Your answer should be the lines from the one with "For Kitchen Essential." to the end of the data below, both included, exact and free of pictures.

• _Scraped caption text data_:

+--

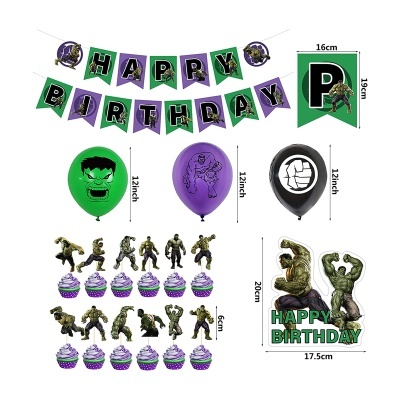 Decoração de aniversário tema Hulk com bandeirolas, balões e figuras do Hulk.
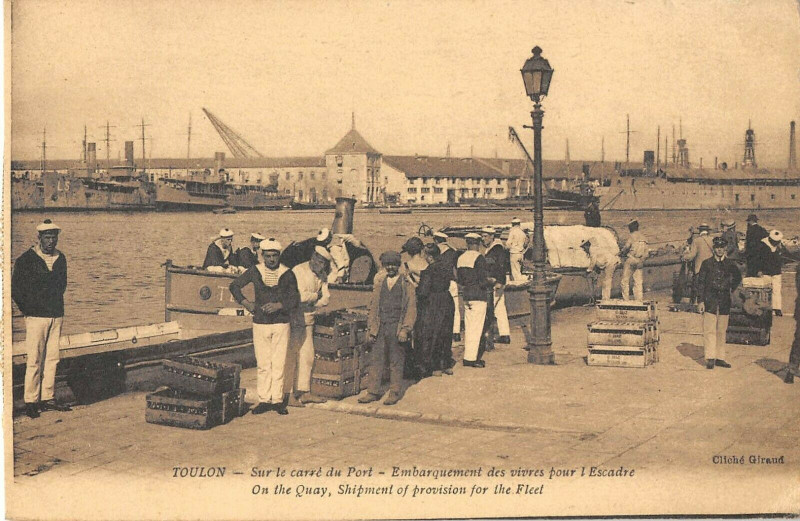 Carte postale ancienne Toulon Sur Le Carre Du Port Embarquement Des Vivres Pour L'Escadre à Toulon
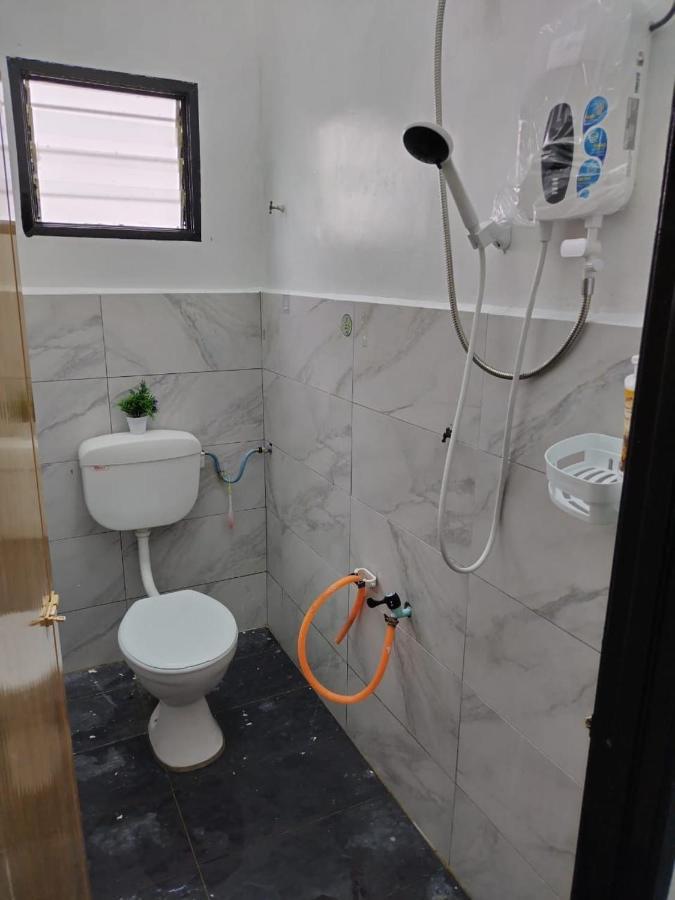 Homestay Embah Ros & Embah Lek Hutan Melintang エクステリア 写真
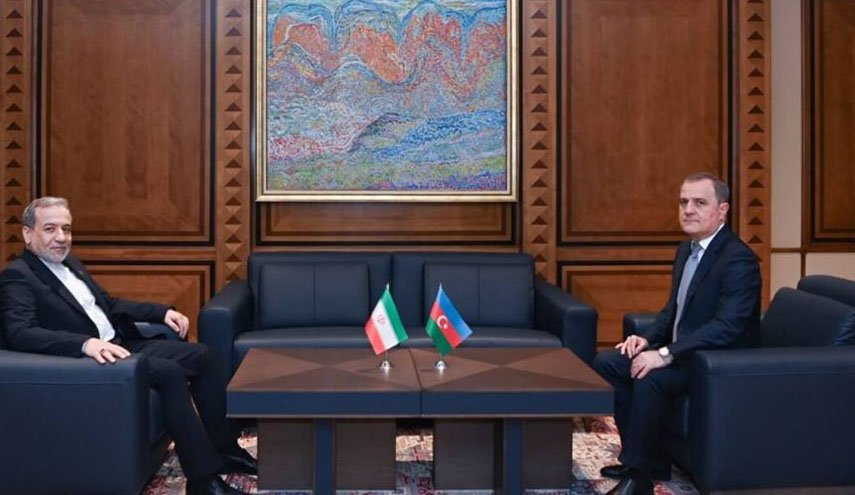 عراقجي يلتقي مع نظيره الأذربيجاني في باكو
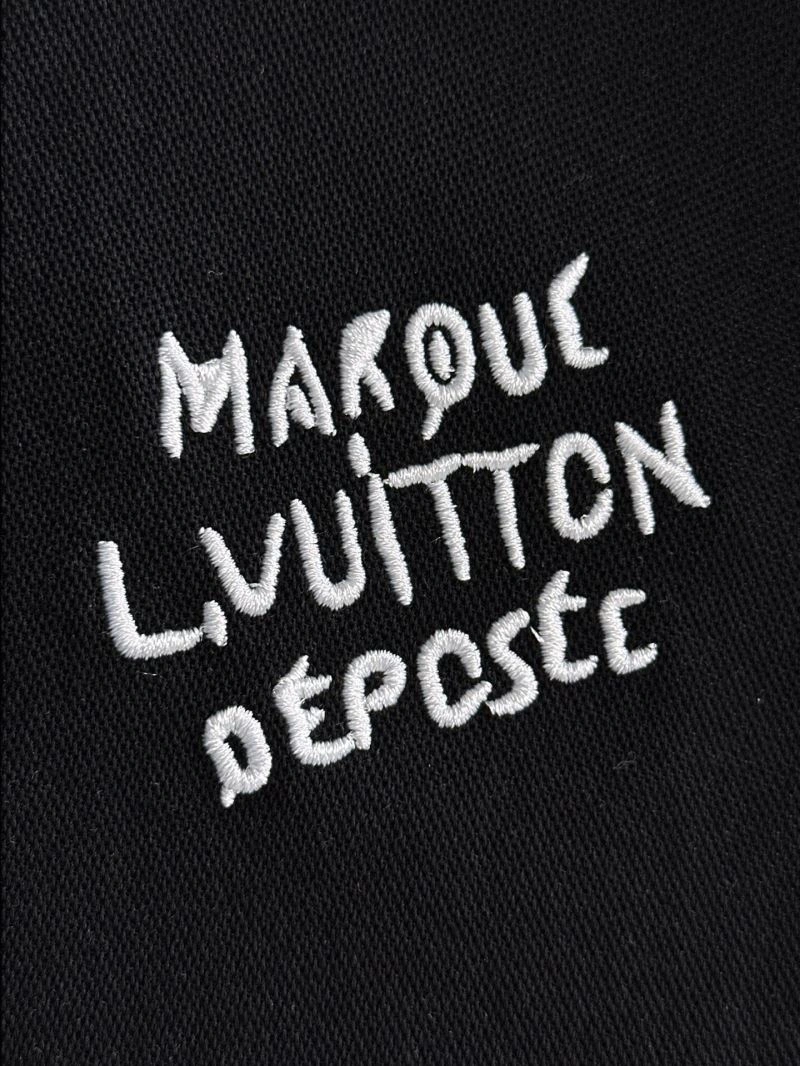 Louis Vuitton T-Shirts Lightweight 133459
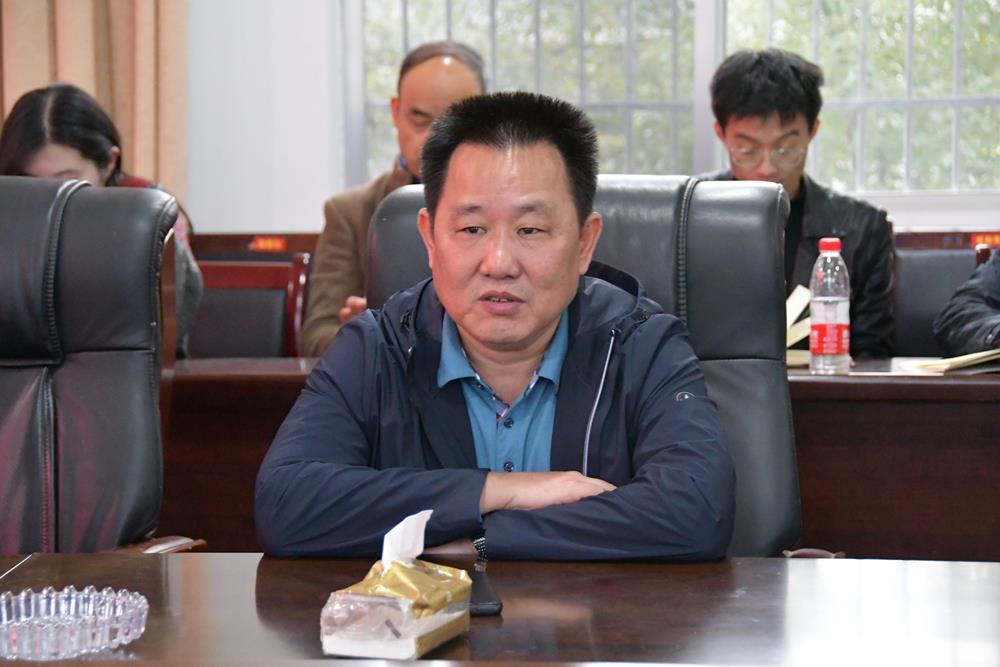 da7d4bd759b64d0cb7abd1e40fd1dd73.jpg da7d4bd759b64d0cb7abd1e40fd1dd73.jpg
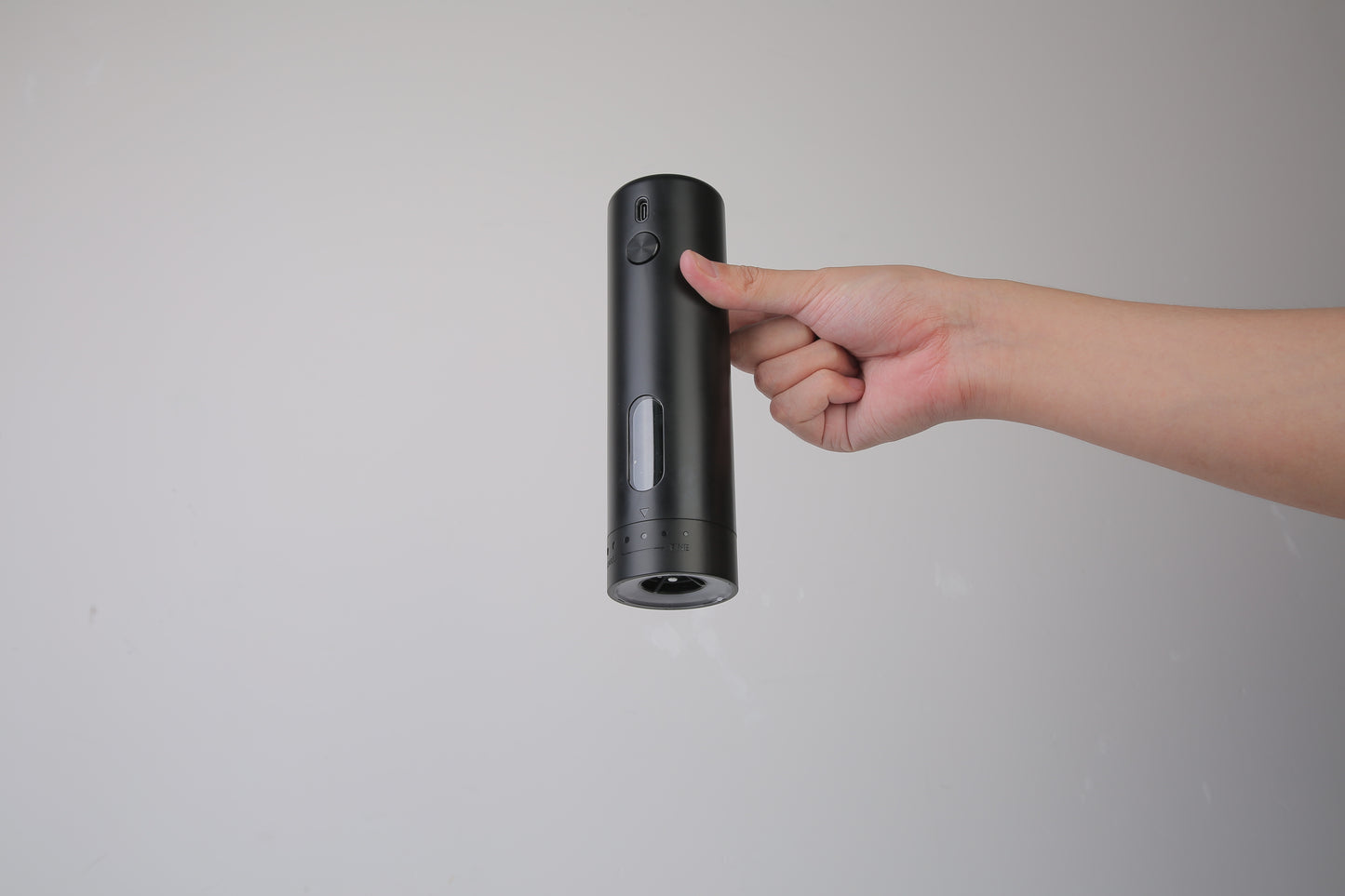 1Pc  Electric Pepper Grinder USB Rechargeable Pepper Mill Automatic Salt Grinder With 6 Adjustable Coarseness LED Light 110ML Container One Hand Operation For Kitchen Essential.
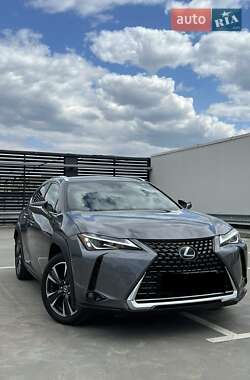 Позашляховик / Кросовер Lexus UX 2021 в 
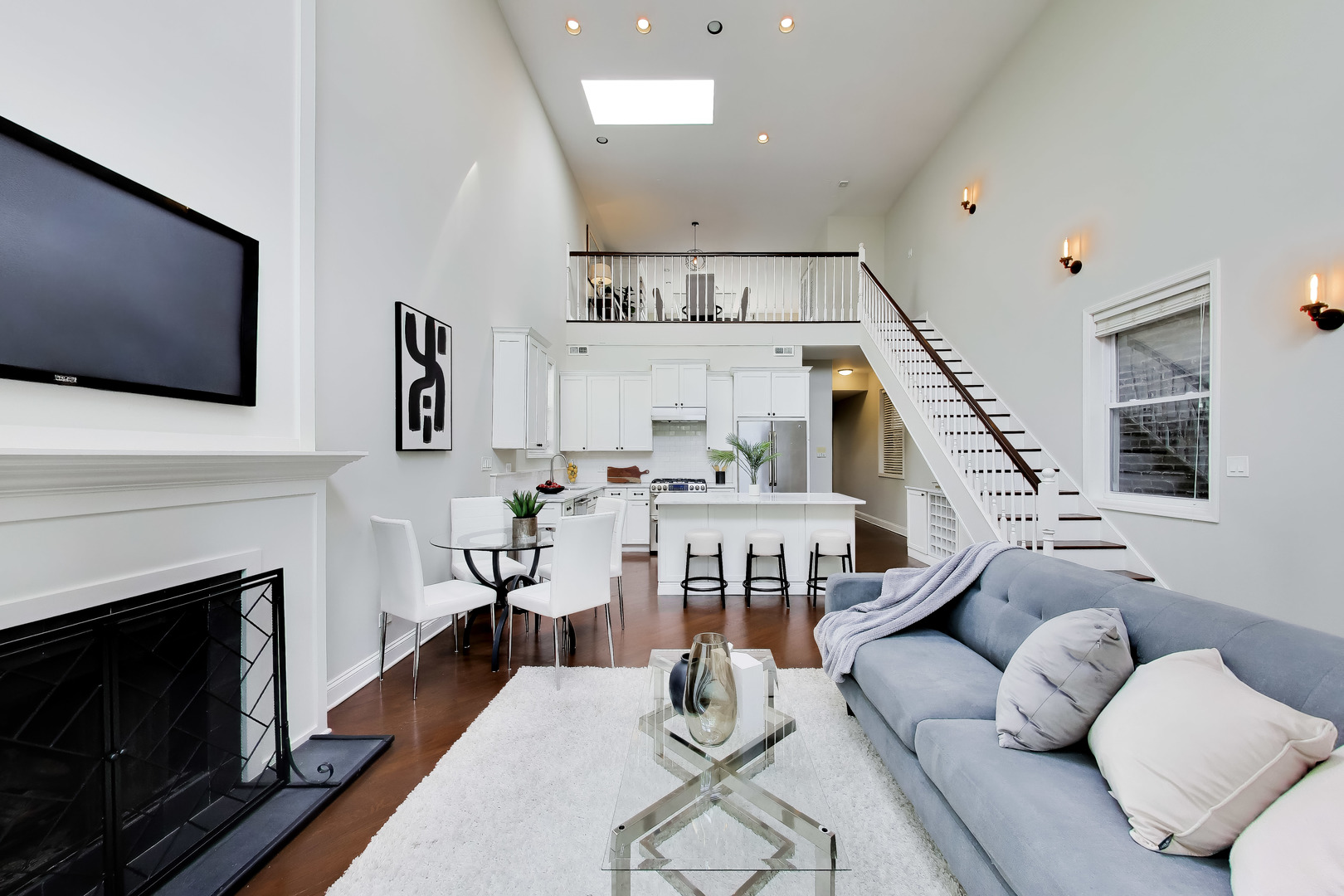 2133 North Southport Avenue Chicago IL 60614
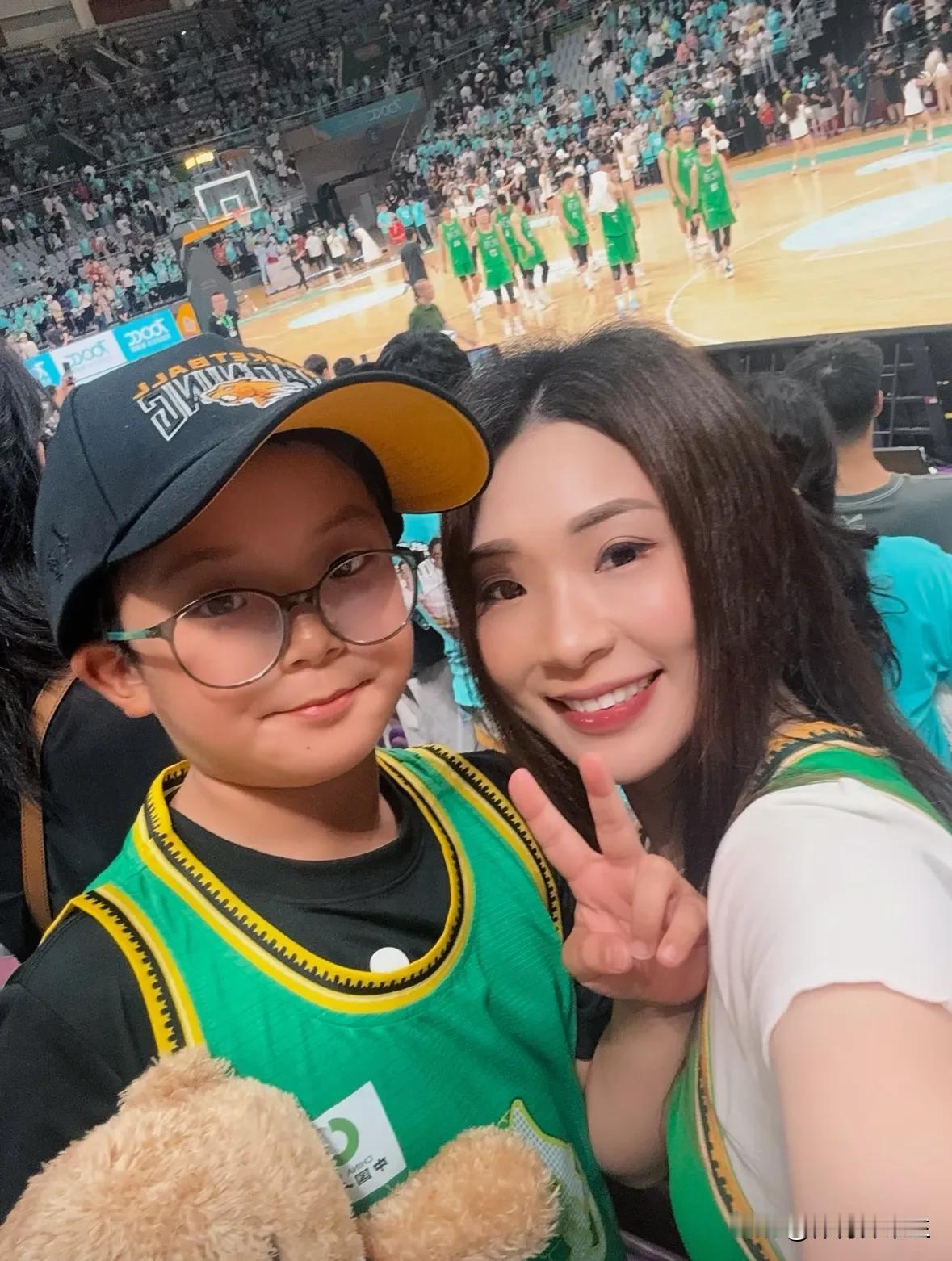 值得与大家分享，让更多人知道
来自中国香港的辽宁队小球迷
小球迷曾经参加过xx组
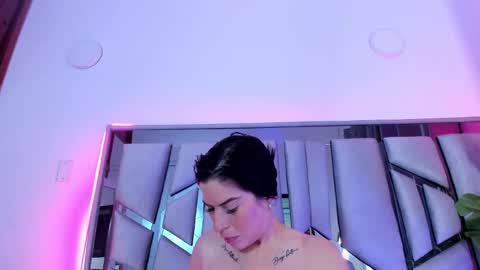 _valeria_saenz_ online show from October 6, 2:20 am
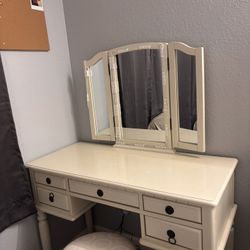 Table Vanity With Stool Chair / Lights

+--

• _WRITTEN RESPONSE_:
 1Pc  Electric Pepper Grinder USB Rechargeable Pepper Mill Automatic Salt Grinder With 6 Adjustable Coarseness LED Light 110ML Container One Hand Operation For Kitchen Essential.
 Позашляховик / Кросовер Lexus UX 2021 в 
 2133 North Southport Avenue Chicago IL 60614
 值得与大家分享，让更多人知道
来自中国香港的辽宁队小球迷
小球迷曾经参加过xx组
 _valeria_saenz_ online show from October 6, 2:20 am
 Table Vanity With Stool Chair / Lights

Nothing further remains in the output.